Тяжкое чувство охватило совет. К речи не было прибавлено ни одного слова, и каждый удалился, не постигая в точности и не смея даже доискиваться, что готовит министр. Он же немедленно отправился в наблюдательный комитет коммуны, располагавший личностями всех граждан; там царил Марат. Его слепыми, невежественными товарищами были Панне и Сержан, уже упомянутые по поводу 20 июня и 10 августа, и еще четверо: Журдейль, Дюплен, Лефор и Ланфан. Там в ночь на 31-е было задумано зверское убийство несчастных, содержавшихся в парижских тюрьмах. Плачевный и страшный пример того, к чему могут увлечь политические страсти!
Дантон, никогда не испытывавший ненависти к своим личным врагам и часто поддающийся чувству жалости, со своей обычной смелостью взялся осуществить кровавые мечты Марата, и они вдвоем составили такой заговор, который нельзя назвать беспримерным в истории, но который в конце XVIII века не мог быть объяснен невежеством и лютостью нравов. Мы уже упоминали некоего Майяра, который тремя годами раньше в памятные дни 5 и 6 октября пошел в Версаль во главе взбунтовавшихся женщин. Этот человек, бывший судебный пристав, неглупый, но кровожадный, составил шайку из людей грубых и готовых на всё. Он был известен как главарь этой шайки и, если только верить недавно сделанному открытию, ему дали знать, чтобы он был готов действовать по первому знаку, занял верные позиции, заготовил орудия убийства, принял меры, чтобы не слышны были крики жертв, запасся уксусом, метлами из остролиста, негашеной известью, крытыми повозками и прочим.

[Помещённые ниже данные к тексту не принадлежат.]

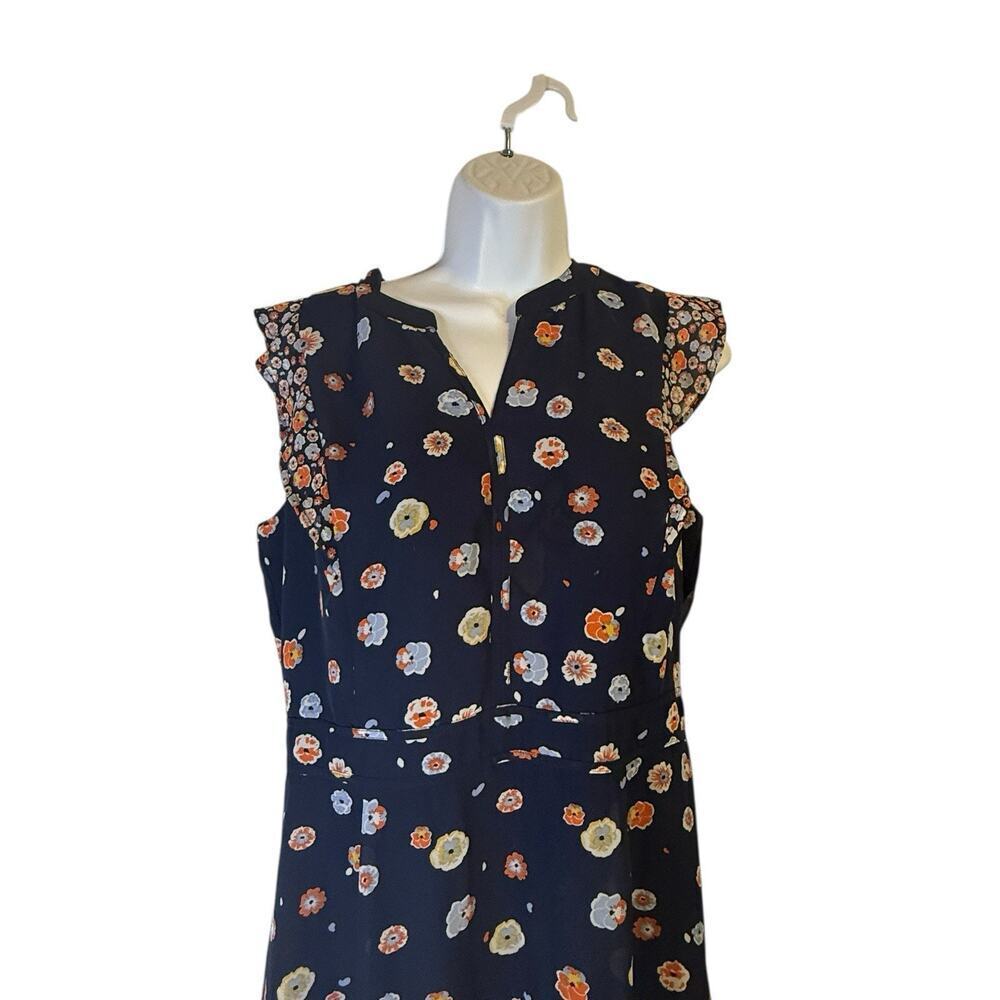 Maison Jules Women’s Floral Ruffle Hem Dress Navy Orange Print Size 12 - Picture 3 of 9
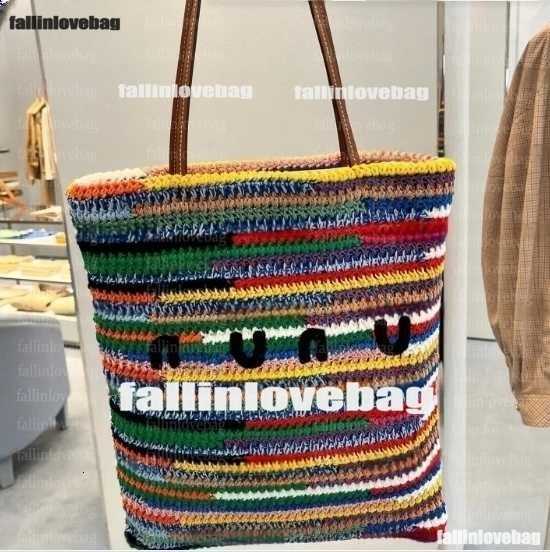 Designer Rainbow Raffia Bag Crochet Tote Bag New Crossbody Weave Hobo Beach Bag Summer School Handbag Shoulder Beach Travel Women Fashion Large Capacity Handbags 01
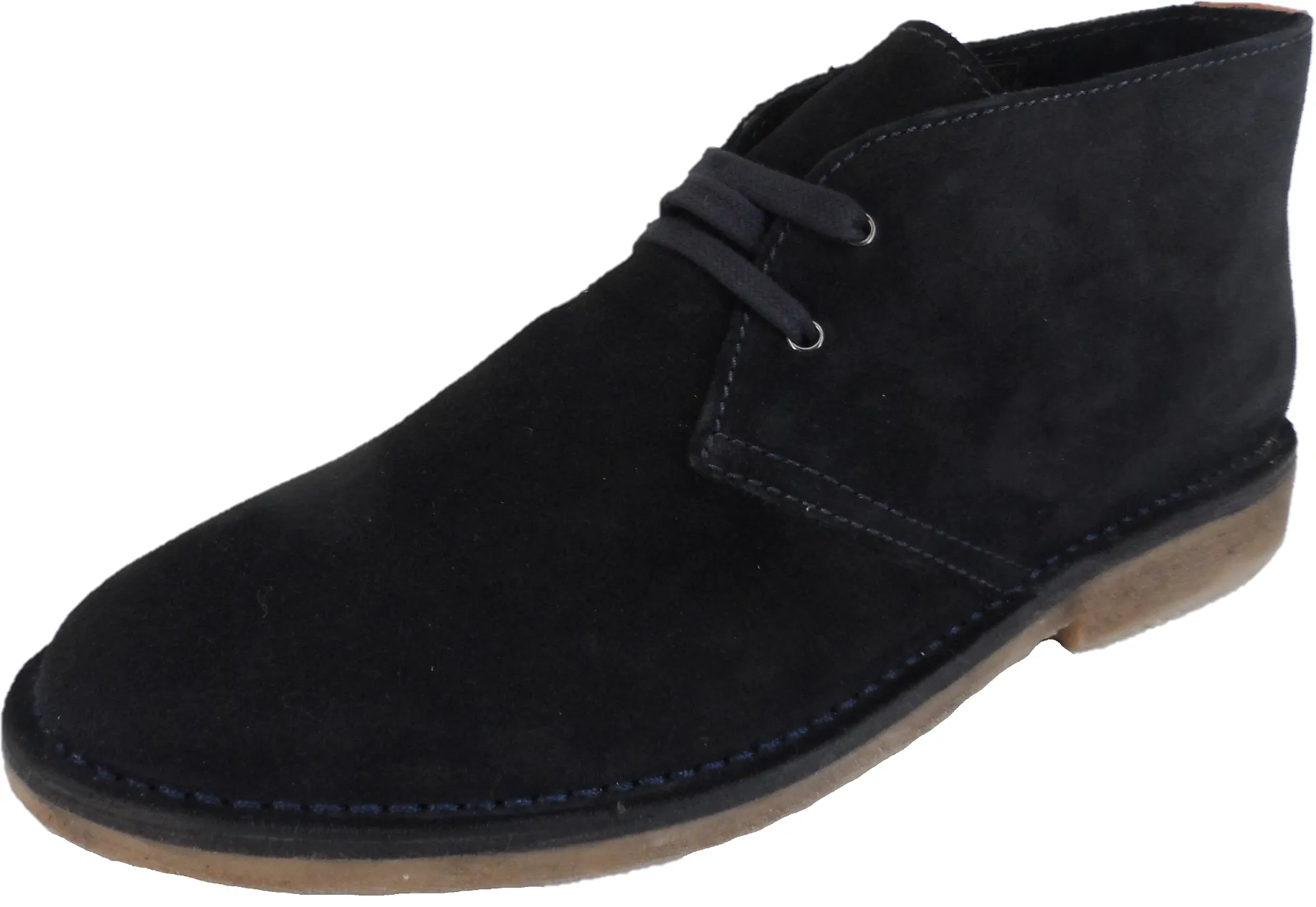 Hush Puppies Mens Navy 2 Eyelet Real Suede Desert Boots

С этих пор уже глухо пронеслась молва о предстоявшей страшной экспедиции. Родственники арестантов находились в смертельной тревоге, и заговор, подобно тому, как это происходило перед 10 августа и 20 июня, прорывался зловещими признаками. Со всех сторон твердили, что нужно грозным примером устрашить заговорщиков, которые из глубины темниц поддерживают сношения с иноземцами. Все жаловались на медлительность суда и требовали быстрого правосудия. Бывший министр Монморен был оправдан судом 17 августа, и тотчас же поднялся крик, что измена закралась всюду, что виновным обеспечена безнаказанность. В течение дня уверяли, будто один приговоренный к смерти сделал важное признание. Признание заключалось в том, что будто бы следующей ночью пленники должны бежать из тюрем, вооружиться, разойтись по городу, совершить ужасную месть, потом похитить короля и предать Париж пруссакам. А между тем эти самые пленные трепетали за свою жизнь, их родные изнывали от страха за них, а королевская семья в башне Тампля не ждала ничего, кроме смерти.
В Клубе якобинцев, в секциях, в совете коммуны, в большинстве собрания имелось множество людей, в самом деле веривших в эти воображаемые заговоры и находивших поголовное истребление арестантов делом законным. А ведь не создала же природа такую толпу извергов за один день! Только дух партий способен вдруг затмить разум стольких людей. Печальный урок! Люди верят в опасность, твердят, что от нее нужно обороняться; они повторяют это до опьянения, и, пока большинство только легкомысленно толкует о том, что нужно бить, находятся люди, которые на самом деле бьют с кровожадным усердием.